Os riscos causados pela pandemia do coronavírus sugerem que fiquemos dentro de casa o máximo de tempo possível. Para as crianças, essa é uma situação que se torna mais dramática ainda por conta da complexidade de compreensão desse fenômeno de contaminação em massa. Diante de tal impasse de isolamento social, o Instituto Pró-Saber resolveu lançar uma campanha de leitura para crianças sem-aula, com a participação de autores e pais. O Pró-Saber é uma entidade da sociedade civil voltada para a formação de crianças leitoras na comunidade de Paraisópolis, localizada na zona sul paulistana.

A ideia é evitar que, enquanto estiverem sem aula, as crianças não percam o contato com o livro, e também contribuir para deixar esse período tão difícil um pouco mais leve e divertido. Assim, autores e ilustradores de livros infanto-juvenis foram convidados pela instituição a ler seus próprios textos em vídeos que serão disponibilizados pelos canais de compartilhamento do Pró-Saber. As educadoras e os educadores que estão à frente dessa iniciativa têm a crença de que o contato diário com a literatura ajuda a preparar as crianças para entender o que está se passando.

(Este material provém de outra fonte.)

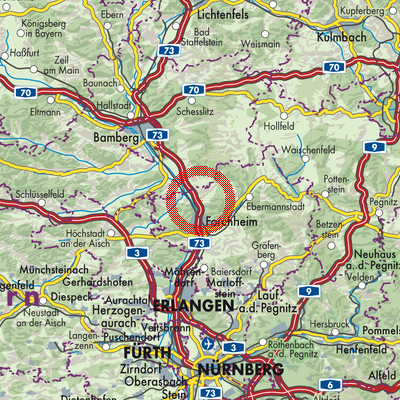 Landkarte Eggolsheim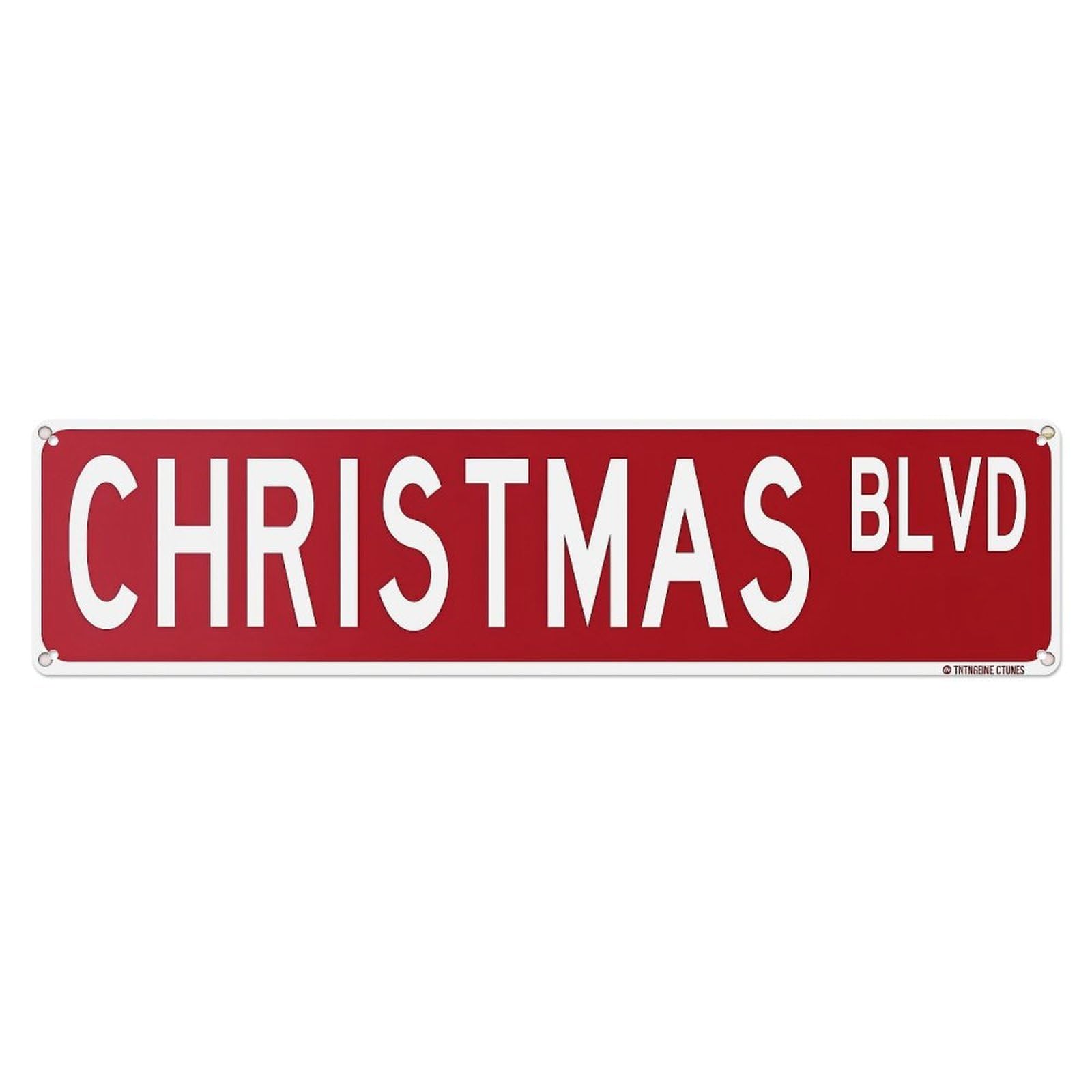 Jdyansheng Vintage Christmas Blvd Street Sign Tin Sign Metal Poster Metal Signs For Home Man Cave Bar Cafe Kitchen Laundry Room Wall Decorations 4X16 Inches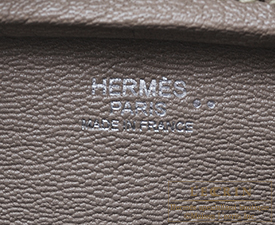 Hermes　Plume 28　Himalaya　Matt niloticus crocodile skin　Silver hardware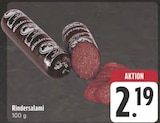 Rindersalami bei E center im Erlangen Prospekt für 2,19 €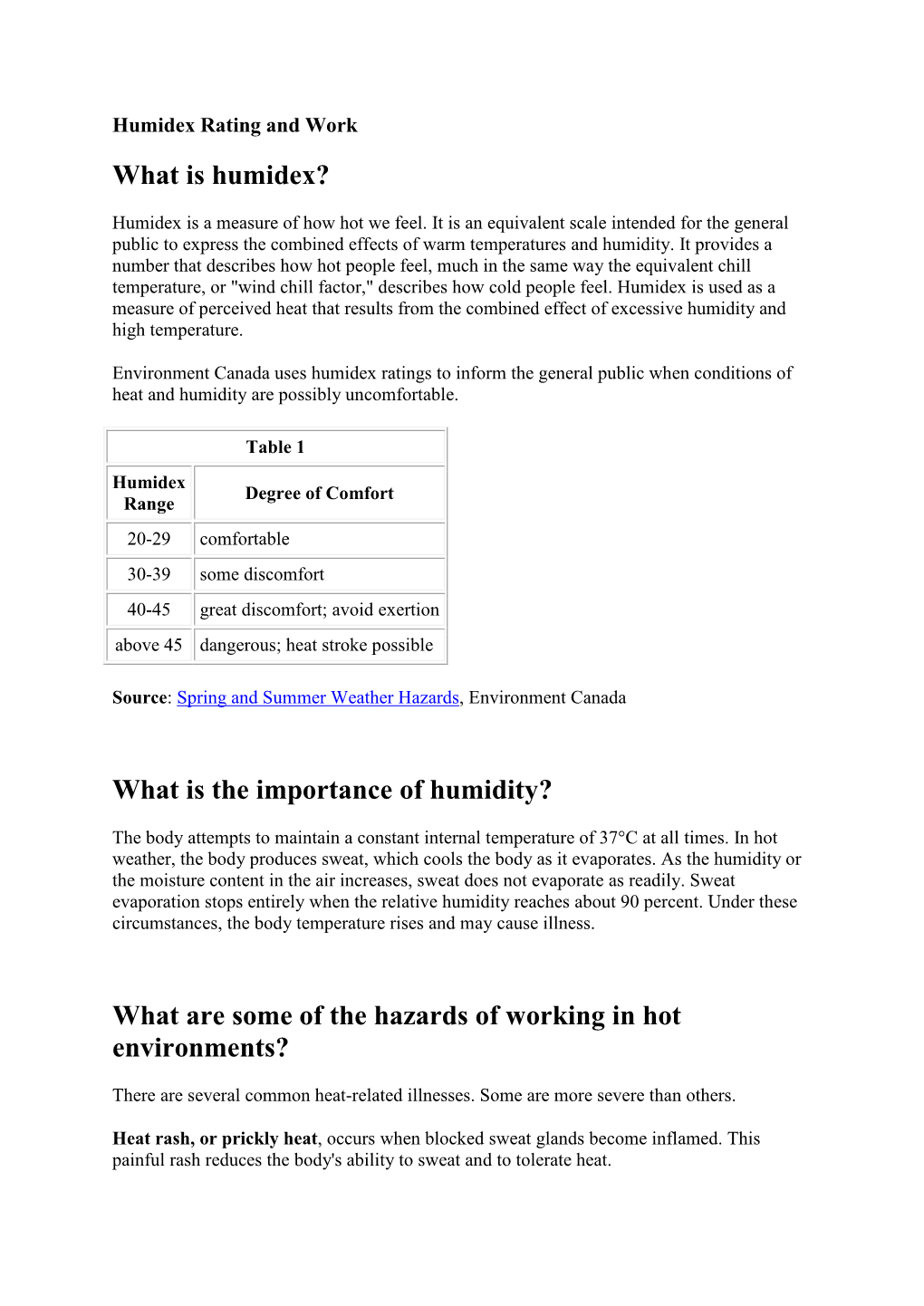 What Is Humidex? What Is the Importance of Humidity? What Are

Os temas gravados em câmaras de celulares são livres. O direcionável é a aproximação que a ação possibilita da situação de leitores e autores, ambos reclusos em suas casas. Sem precisar de explicações, a disponibilização dos vídeos diz por si que estamos todos vivendo os mesmos desafios do auto-encarceramento. As crianças têm contato com quem escreve e com quem ilustra do jeito que cada um é, no local onde cada um mora e no tempo presente. Ou seja, ao contrário de era uma vez, elas experienciam um tempo circunstancial presente, imagético e imaginário.

A campanha do Pró-Saber oferece histórias com afeto digital em uma espécie de humanização de mídia no desfazer de distâncias. É metacontação pelo que apresenta de ligação entre a história do contador, a da criança e a que simultaneamente está ocorrendo com todos na clausura para proteção do vírus. Excede a causa. Isso mesmo, a literatura é acontecimental. Esses vídeos constituem parte de uma situação que, por sua vez, faz parte de uma história maior que aflige a humanidade.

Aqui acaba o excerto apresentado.